Task instructions. In the data that follows, find the line containing "Grand Brasserie 5"; then quote that line and every line after it, exactly, through the last one.

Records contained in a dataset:
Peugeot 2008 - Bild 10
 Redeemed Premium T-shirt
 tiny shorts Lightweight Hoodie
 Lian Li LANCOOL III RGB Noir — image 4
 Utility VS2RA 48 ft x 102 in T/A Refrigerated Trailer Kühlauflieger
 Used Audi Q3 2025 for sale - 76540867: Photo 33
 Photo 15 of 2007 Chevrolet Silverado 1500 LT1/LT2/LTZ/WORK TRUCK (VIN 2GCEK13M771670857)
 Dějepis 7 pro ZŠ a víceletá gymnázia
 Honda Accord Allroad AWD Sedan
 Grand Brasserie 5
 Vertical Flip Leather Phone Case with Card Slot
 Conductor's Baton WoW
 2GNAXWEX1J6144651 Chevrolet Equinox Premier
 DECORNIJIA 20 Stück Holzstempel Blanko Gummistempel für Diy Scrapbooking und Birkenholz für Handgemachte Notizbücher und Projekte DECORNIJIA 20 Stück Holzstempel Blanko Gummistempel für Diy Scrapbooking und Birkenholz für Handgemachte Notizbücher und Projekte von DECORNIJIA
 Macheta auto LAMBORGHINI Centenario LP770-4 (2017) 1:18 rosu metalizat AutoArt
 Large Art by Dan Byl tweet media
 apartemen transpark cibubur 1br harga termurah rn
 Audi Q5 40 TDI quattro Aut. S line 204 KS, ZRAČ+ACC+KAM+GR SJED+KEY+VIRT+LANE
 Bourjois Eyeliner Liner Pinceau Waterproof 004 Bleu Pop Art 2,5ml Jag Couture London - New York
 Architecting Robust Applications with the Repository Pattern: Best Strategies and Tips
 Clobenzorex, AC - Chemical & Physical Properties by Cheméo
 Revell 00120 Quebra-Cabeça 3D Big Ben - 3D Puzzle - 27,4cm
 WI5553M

Result.
 Grand Brasserie 5
 Vertical Flip Leather Phone Case with Card Slot
 Conductor's Baton WoW
 2GNAXWEX1J6144651 Chevrolet Equinox Premier
 DECORNIJIA 20 Stück Holzstempel Blanko Gummistempel für Diy Scrapbooking und Birkenholz für Handgemachte Notizbücher und Projekte DECORNIJIA 20 Stück Holzstempel Blanko Gummistempel für Diy Scrapbooking und Birkenholz für Handgemachte Notizbücher und Projekte von DECORNIJIA
 Macheta auto LAMBORGHINI Centenario LP770-4 (2017) 1:18 rosu metalizat AutoArt
 Large Art by Dan Byl tweet media
 apartemen transpark cibubur 1br harga termurah rn
 Audi Q5 40 TDI quattro Aut. S line 204 KS, ZRAČ+ACC+KAM+GR SJED+KEY+VIRT+LANE
 Bourjois Eyeliner Liner Pinceau Waterproof 004 Bleu Pop Art 2,5ml Jag Couture London - New York
 Architecting Robust Applications with the Repository Pattern: Best Strategies and Tips
 Clobenzorex, AC - Chemical & Physical Properties by Cheméo
 Revell 00120 Quebra-Cabeça 3D Big Ben - 3D Puzzle - 27,4cm
 WI5553M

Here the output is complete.